The combination of conflicting custom routes and mismatched network tags was causing your ERP application to experience both routing delays and firewall blocks, manifesting as the 5-10 second timeouts during peak hours.

We hit this exact issue last year. The problem wasn’t the peering itself but the instance-level firewall tags. Our ERP instances had network tags that weren’t included in the cross-region firewall rules. Even though VPC-level rules existed, the instance tags were blocking the traffic.

Check gcloud compute instances describe [INSTANCE_NAME] --zone=[ZONE] and verify the network tags match what’s in your firewall rule target tags. Also make sure you’re not hitting any organizational policy constraints that restrict cross-region traffic.

That RTT pattern suggests asymmetric routing or MTU issues. VPC peering should have <100ms latency between those regions. Check if you have any custom routes that might be overriding the automatic peering routes. Run gcloud compute routes list --filter="nextHopPeering:*" to see your peering routes.

Also, verify MTU settings. If you’re using VPN or interconnect alongside peering, MTU mismatches can cause fragmentation and retransmits that manifest as timeouts. GCP VPC default MTU is 1460 bytes, but peered networks might need explicit MTU configuration if you’re running encapsulated protocols.

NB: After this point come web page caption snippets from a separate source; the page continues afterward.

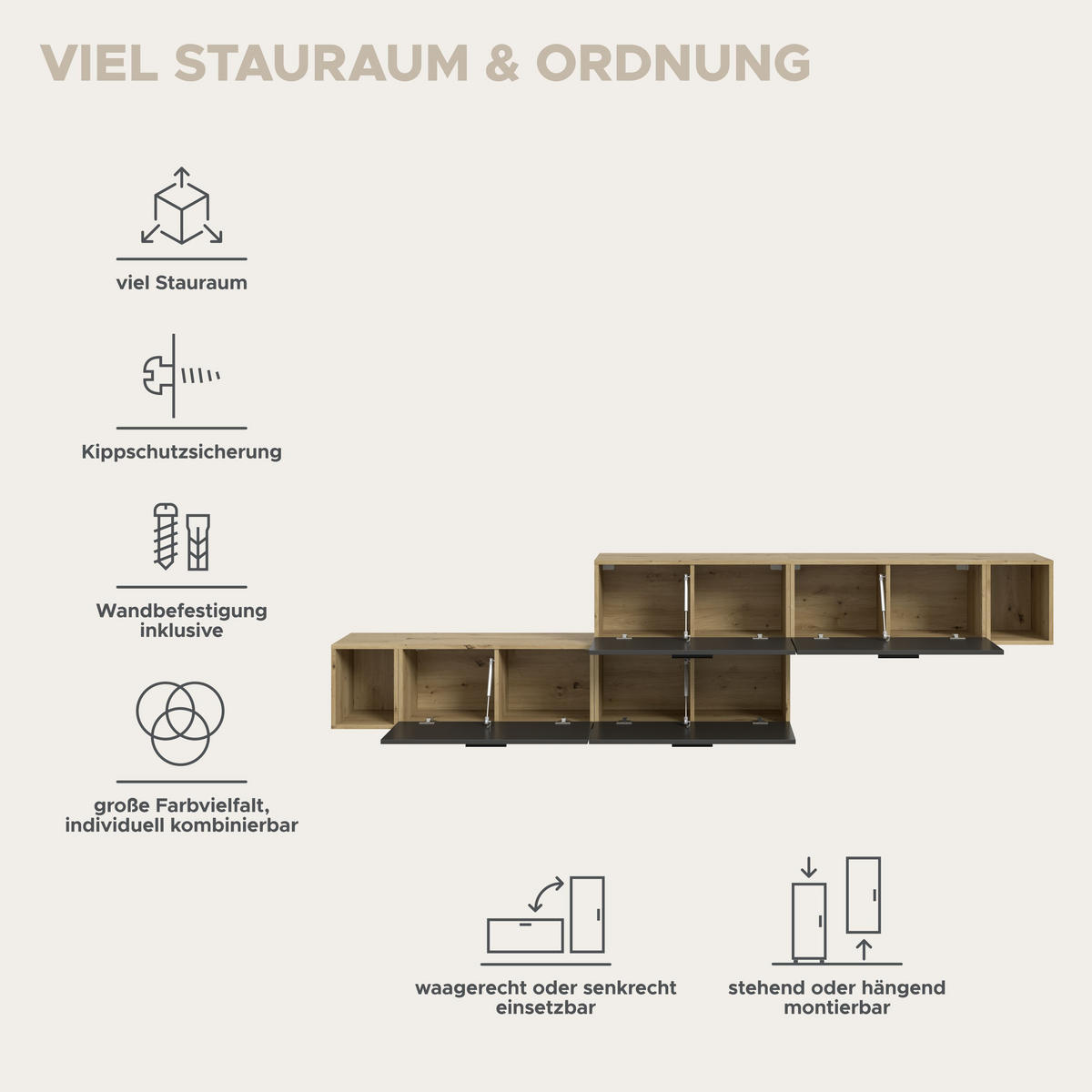 WOHNWAND The One Basalt grau 276/34/97 cm - Braun, Holzwerkstoff (276/97/34cm) - Xonox
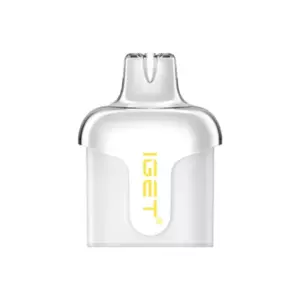 Pineapple Kiwifruit – Iget Halo Pod 3000 Puffs - Clear Vape Pod with a White Body and a Yellow Iget Logo on the Front. - Iget Vapes Shop Oz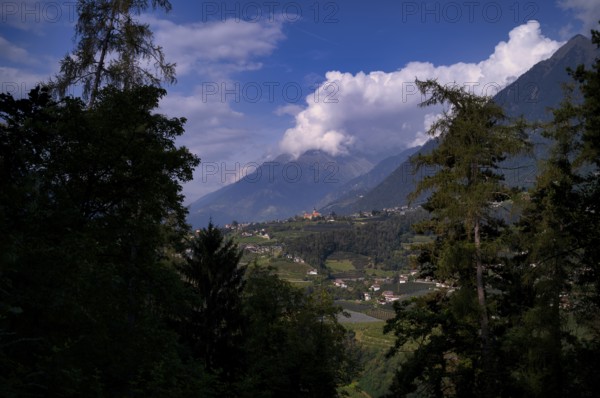 View of Johanneum, Student Convict, Dorf Tyrol, Tirolo, South Tyrol, Autonomous Province of Bolzano, Italy, Europe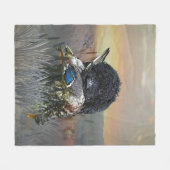 バーベッフランスのト、水犬 フリースブランケット (正面(横))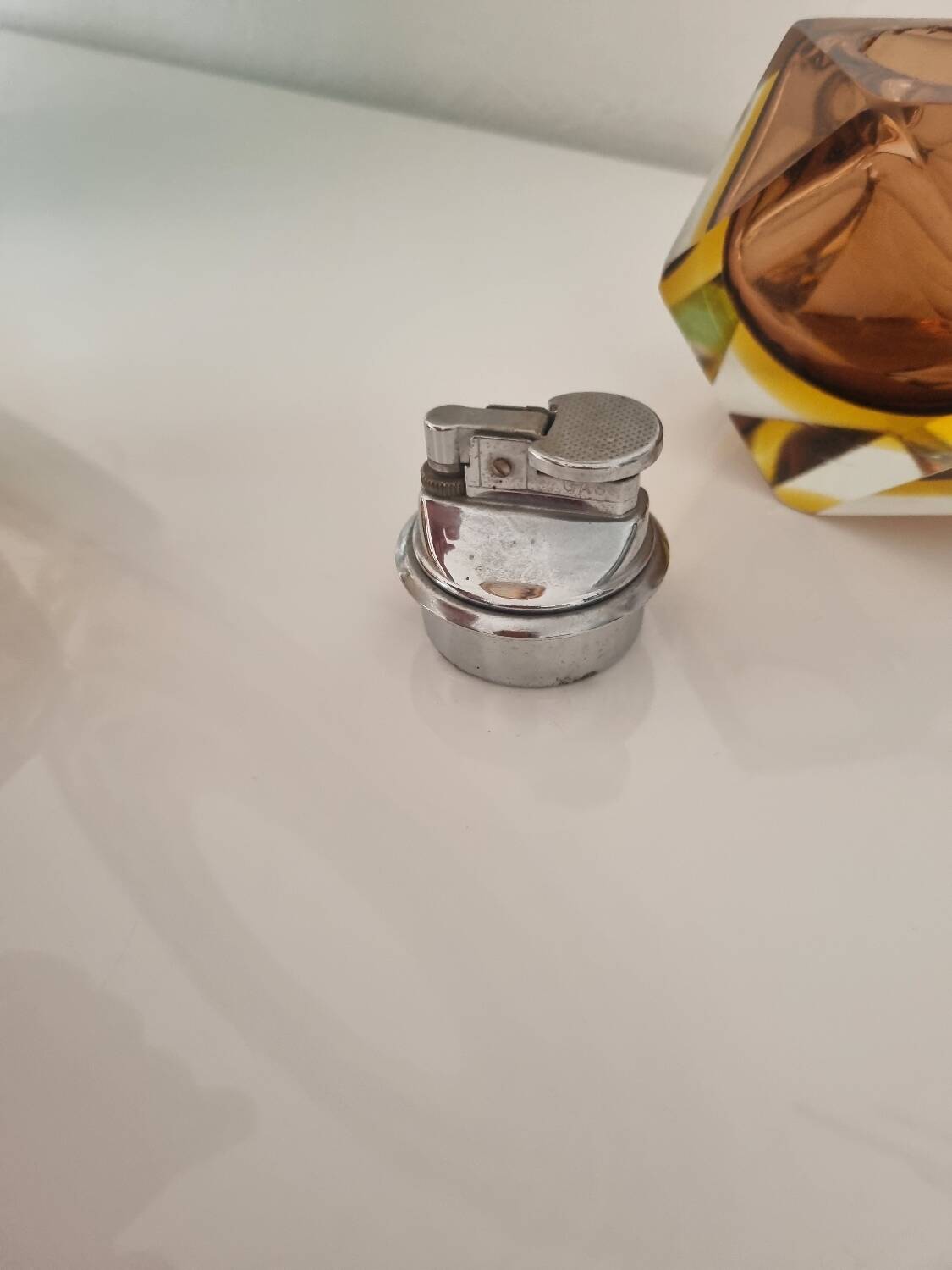 Sommerso Murano set: ashtray + table lighter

For anyone else troubleshooting VPC peering issues, here’s a quick diagnostic sequence: 1) Verify peering status is ACTIVE in both VPCs, 2) Check that custom routes don’t have higher priority than peering routes (lower number = higher priority), 3) Confirm firewall rules use full VPC CIDR blocks not just subnets, 4) Validate instance network tags match firewall rule targets, 5) Test with gcloud compute ssh using internal IPs to isolate application vs network issues.

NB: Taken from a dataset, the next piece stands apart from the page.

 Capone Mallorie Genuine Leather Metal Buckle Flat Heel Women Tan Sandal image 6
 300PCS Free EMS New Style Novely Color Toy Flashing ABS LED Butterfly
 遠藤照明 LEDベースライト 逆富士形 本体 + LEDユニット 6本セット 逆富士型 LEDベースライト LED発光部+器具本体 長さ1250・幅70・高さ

Also recommend enabling Packet Mirroring temporarily on the problematic instances to capture actual packet flows and see exactly where drops occur.

First thing to check: are your firewall rules using the correct IP ranges for the peered VPC? Common mistake is allowing only subnet ranges instead of the entire VPC CIDR block. Also verify that both VPCs have ingress AND egress rules configured - peering requires bidirectional rules.

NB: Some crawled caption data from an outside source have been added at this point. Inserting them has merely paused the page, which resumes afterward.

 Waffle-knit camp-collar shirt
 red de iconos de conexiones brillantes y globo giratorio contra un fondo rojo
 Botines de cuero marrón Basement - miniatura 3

For VPC Flow Logs, filter by connection state ‘TIMEOUT’ or ‘REJECTED’. Look at the src_ip and dest_ip fields to identify which direction is failing. The RTT (round-trip time) field will show you latency spikes before timeouts occur.

Thanks Sara. I checked the firewall rules and found we were only allowing the specific subnet ranges, not the full VPC CIDR. I’ve updated the rules to include the entire peered VPC range (10.128.0.0/16 for us-central1 and 10.132.0.0/16 for europe-west1).

In the VPC Flow Logs, I’m seeing entries with connection_state=‘OK’ but RTT values ranging from 150ms to 8000ms. The 8-second RTT entries correlate with our timeout reports. Most concerning is that these high-RTT flows show src_location=‘us-central1’ but the packets seem to be taking unexpected paths.